## PROBLEM
Although the data below contains pictures, output only the lines between those holding "Used 2026 GMC Yukon Denali Ultimate image 38" and "Monroe & Main", inclusive, exactly and without those pictures.

## THE INPUT
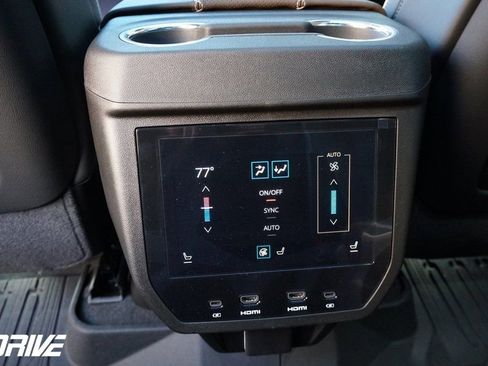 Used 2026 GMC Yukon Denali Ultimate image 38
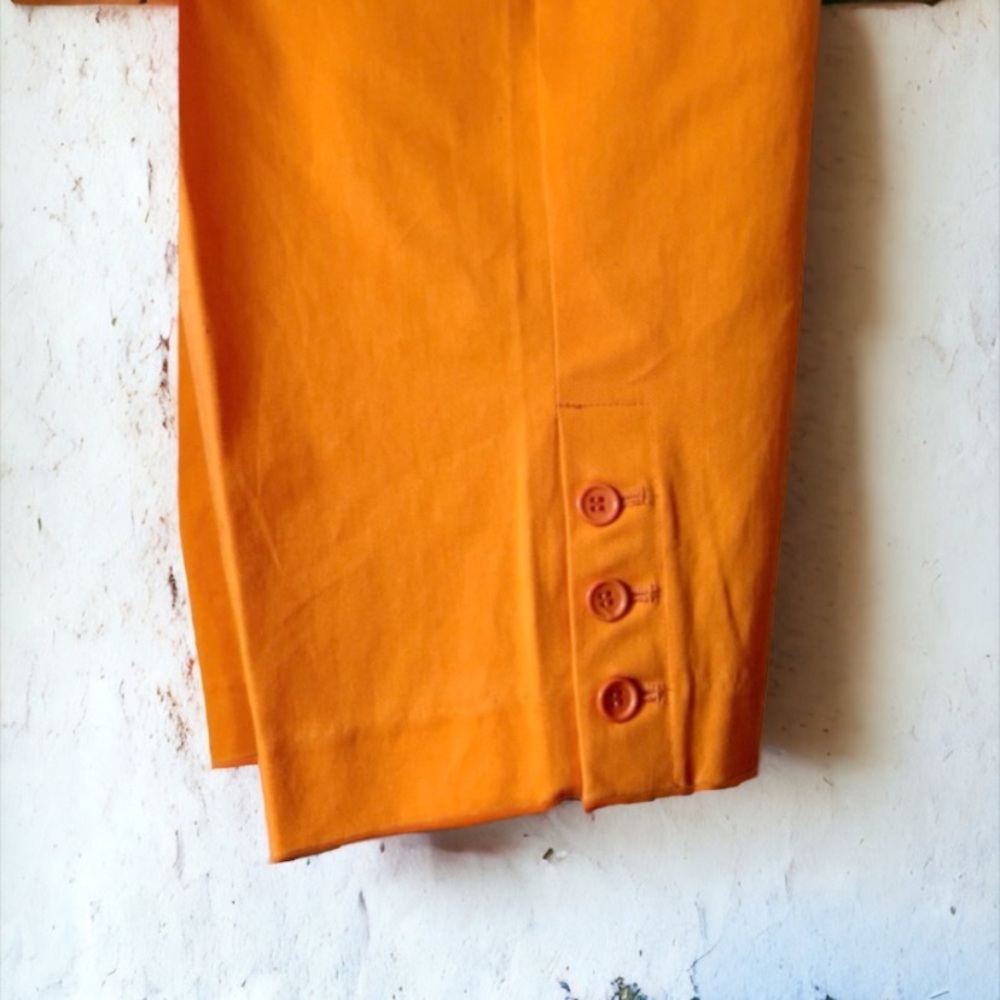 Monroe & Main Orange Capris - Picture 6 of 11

---

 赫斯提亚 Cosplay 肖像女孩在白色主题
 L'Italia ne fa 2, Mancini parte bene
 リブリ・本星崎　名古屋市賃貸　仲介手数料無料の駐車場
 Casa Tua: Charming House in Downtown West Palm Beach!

## REPLY
 Used 2026 GMC Yukon Denali Ultimate image 38
 Monroe & Main Orange Capris - Picture 6 of 11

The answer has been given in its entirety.